C elegans are of huge interest to the feild of bioinformatics as they provide a link between nervous system connectivity and machanical movement. This was demonstrated https://www.youtube.com/watch?v=YWQnzylhgHc where the connectome was combined with "muscle" movements of the worm with some simple algorithms> these were translated into a robot.
Eeach node holds some metadata in the form of:
- Cell_id : auto-inc cell ID
- Cell_name : official cell name, from original brenner paper
- Cell_class : an attempt at determining the cell class
- Soma_pos : position along the body axis, range : [0, 1]
- Role: text string of Motor, sensory, interneuron
- Neurotransmitter: text string of type of neurotransmitter
The data contained information on the direction and number of connections via chemical synapses and electrical junctions among neurons in the entire nervous system as well as one-dimensional spatial positions of neurons (i.e., somal centers) along the anterior-posterior body axis. All connections between non-pharyngeal neurons were included except those of CANL/R and VC6, which did not have obvious synapses. Consequently, the model connectome had 279 neurons.
An application of communty finding was applied to this connectome to investigate the community structure of the netwrok with respect to its node metadata.
Below is an evaluation of the detected communities overlap with the node metadata treated as communities.
It can be seen that each method predicts around 5 communities for the connectome where the modularity is maximised. In an attempt to link this number of communities to the biological strucure of the network the node matadata was analyses in terms of class number of each metadata class. There were 3 cell role classes and 7 Neurotransmitter classes so it seemed reasonable to compare this node metadata to the found communites.
It may be reasonable to imagine some community strcture within Motor, Sensory and Interneuron nodes. Below show the reasults of the experement.
Cell role | Neurotransmitter |
---|---|
Here we can see that both the Cell Role and Neurotransmitter status of each node are not aligned with the community strucutre in connectivity of the connectome. There is existance of weak community structure but of weak biological significance.

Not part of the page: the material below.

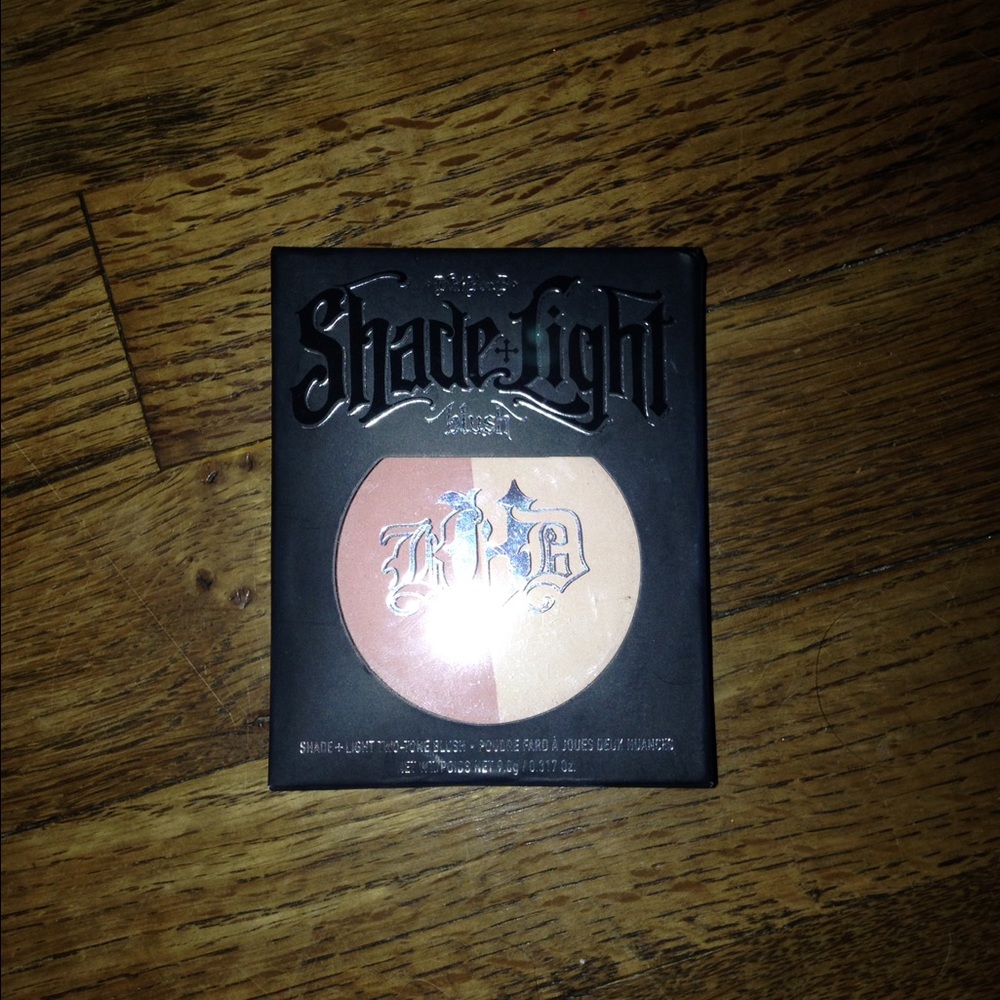Kat Von D Shade + Light blush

This is a reasonable outcome as; given that most bilateral neuronal pairs of C. elegans have similar functional roles [5] and accepting the principle of structure-function association in evolutionary biology [6], structural clusters driven by an appropriate community detection method should not assign each member of a bilateral neuronal pair to a different structural cluster [4].

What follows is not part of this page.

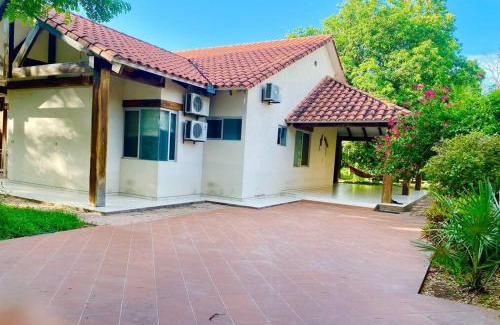 Villamontes Apartamento | Los Mangales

With this knowledge we should design a community detection algorithm that can have inplanted these specific bioligcal priors about the specific network. An example of this could be an anealing model.

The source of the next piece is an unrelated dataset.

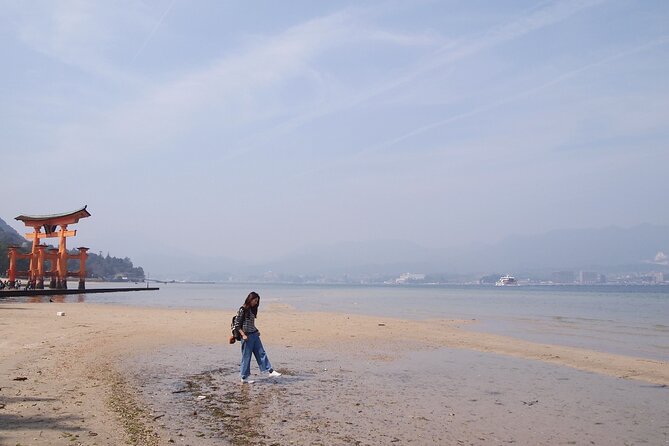 1 Hour Private Photoshoot in Hiroshima - Included Services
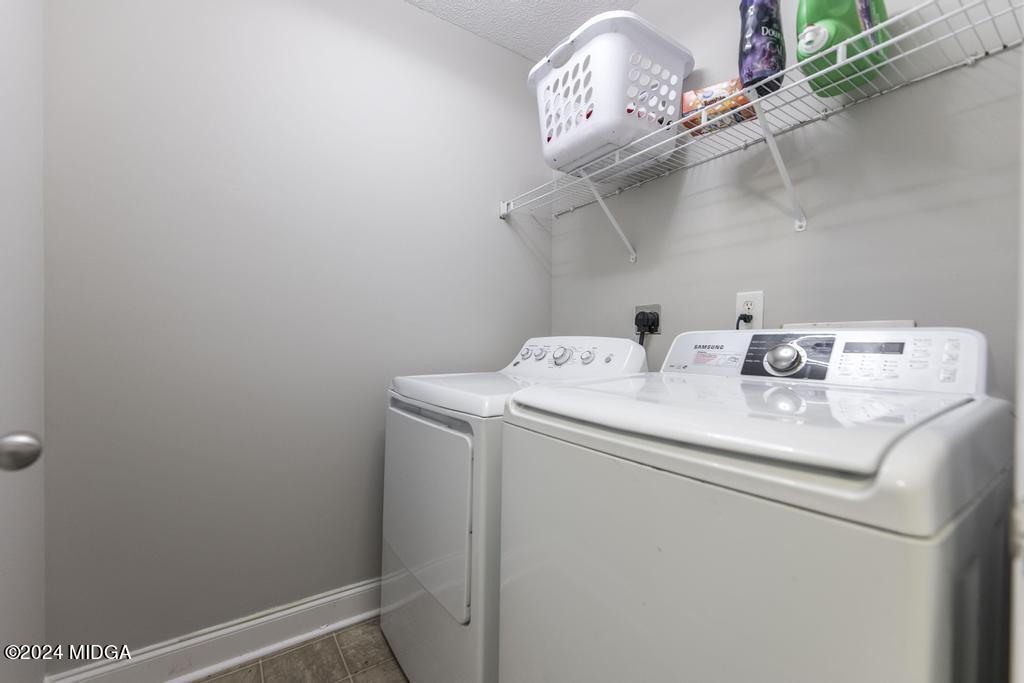 104 Weatherwood Road Kathleen, GA 31047 - Photo 22 of 35 a utility room with dryer and washer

Because brain structure is closely related to function, an understanding of the topological structure of neuronal organization in the brain is crucial for insight into how neuronal networks perform their precise functions. Understnading community structure in the brain is of critical importance because it provides valuable clues regarding the relationship between anatomical clusters and functional circuits.
References:
-
Fortunato, S., & Hric, D. (2016). Community detection in networks: A user guide. In arXiv [physics.soc-ph]. http://arxiv.org/abs/1608.00163
-
Fortunato, S. (2009). Community detection in graphs. In arXiv [physics.soc-ph]. http://arxiv.org/abs/0906.0612
-
Topological Cluster Analysis Reveals the Systemic Organization of the Caenorhabditis elegans Connectome Y Sohn, MK Choi, YY Ahn, J Lee… - PLoS computational …, 2011 - journals.plos.org https://www.ncbi.nlm.nih.gov/pmc/articles/PMC3098222/
-
White JG, Southgate E, Thomson JN, Brenner S (1986) The Structure of the Nervous System of the Nematode Caenorhabditis elegans. Phil Trans R Soc Lond B 314: 1–340.
-
Kandel ER, Schwartz JH, Jessell TM (2000) Principles of Neural Science. New York: McGraw-Hill. pp 983–997.